Zhang Ruimin (张瑞敏; born 5 January 1949) is a Chinese business executive who founded Haier Group and served as its chairman and chief executive officer from 1984 until 2021. Under Zhang's leadership, Haier grew from an insolvent Qingdao refrigerator factory into one of the world's largest home appliance manufacturers, reporting over 300 billion yuan in revenue in 2020.

Zhang was appointed the director of Qingdao Refrigerator Factory, predecessor of Haier Group, in December 1984. In 1988, under his leadership, Haier won the first national gold medal for quality in China's refrigerator industry history.

Zhang Ruimin transformed Haier from a small, failing collective factory, to an Internet of Things (IoT) ecosystem brand.

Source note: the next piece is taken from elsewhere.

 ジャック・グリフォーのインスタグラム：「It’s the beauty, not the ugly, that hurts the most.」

In 1998, Zhang Ruimin spoke at Harvard University, becoming the first Chinese business leader to appear on the Harvard podium. He has received management attention and praise at home and abroad for his continuous management model innovations. He created the Rendanheyi model – which encompasses management thinking and models with Chinese characteristics for universal application. Gary Hamel described him as "a CEO representative of the Internet era".

== Early life==
Zhang Ruimin was born on 5 January 1949, to a working class family in Qingdao, Shandong; his parents were employed in a local garment factory. As a youth, Zhang joined the Red Guards, visited Mao's birthplace, and attended rallies in Beijing since all schools had been closed, and when the movement was finally disbanded, he was able to avoid being sent down to the countryside.

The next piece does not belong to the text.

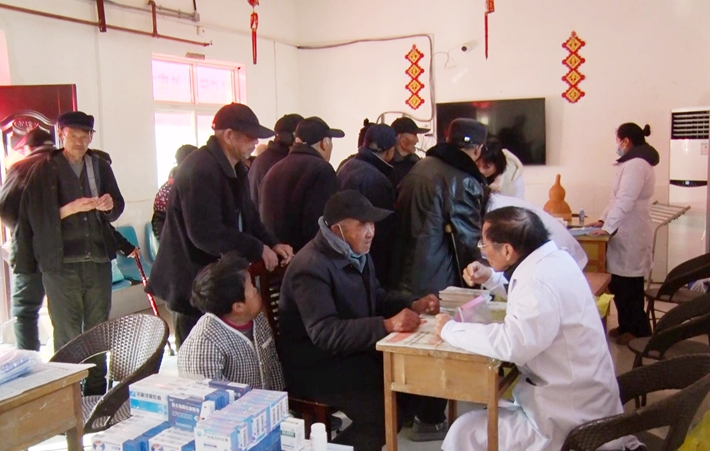 2025-2-10遂平：爱心企业为敬老院送汤圆.mp4_20250211_152229.792_副本.jpg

Zhang Ruimin studied at the University of Science and Technology of China where he graduated with a master's degree in business administration. He has studied extensively about western management theories and has taken several courses on the subject.

==Career==
===Early years===
In 1984, Zhang was appointed general manager of the Qingdao Refrigerator Plant, predecessor of Haier Group, a company that was insolvent and going bankrupt.

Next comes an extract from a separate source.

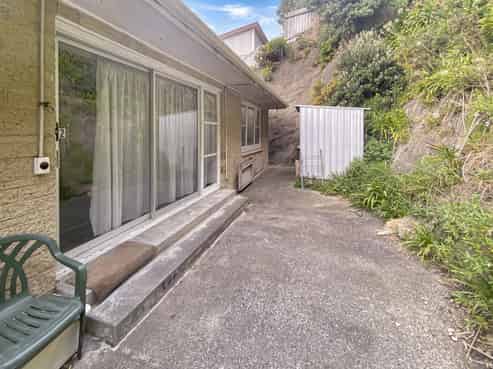 2/131 Happy Valley Road, Owhiro Bay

In 1985, in order to raise employees' awareness about quality and increase their support of the brand-building strategy, Zhang Ruimin took the lead in smashing 76 defective refrigerators. It was a watermark event that pushed Haier to become a household name.
Early in his tenure as general manager, Zhang traveled to Germany to visit the company's German partner, from whom they were purchasing technology and know-how. He quickly realized that the company had a serious problem in terms of reputation and quality; it also reflected poorly upon his country. To ingrain the concept of quality into his workers, Zhang decided to conduct a demonstration with some of the factory's product.

The next year, its refrigerators sold well in major domestic markets such as Beijing and Tianjin, according to the state-run People's Daily. Zhang also instituted many reforms that were completely novel to the state-run Chinese economy at the time. To encourage productivity, Zhang tied employee pay scales to sales of the products which they produced. He also instituted a practice whereby a mistake by an employee would require that employee to stand before his co-workers to explain his error. Another new concept that Zhang introduced was customer feedback. After noticing that sales were poor in Sichuan province, he discovered the reason to be that villagers would use the machines to wash sweet potatoes, clogging the drains in the washers. In response, Zhang had his company redesign the product to wash produce in addition to clothing.

===Haier Group===
In December 1991, Zhang Ruimin established Haier Group and became its president. At the same time, Haier started diversification under his leadership.

During the period 1991–1998, Zhang Ruimin pursued mergers and acquisitions as well as industrial park developments. Haier acquired a number of targets in washers, TVs, and air conditioners, and some of these targets had different ownership structures.

In July 1995, the Qingdao municipal government decided to transfer all of Red Star Electric Appliances' shares to Haier Group. Red Star was originally similar to the former Haier, a major city-level enterprise in Qingdao, but due to poor management, even while Haier rose to the top brand of home appliances in China, Red Star bled a loss of more than RMB100 million and became insolvent.

The turnaround story was later the subject of a Harvard Business School case study, and Zhang was subsequently invited to speak at Harvard Business School in 1998.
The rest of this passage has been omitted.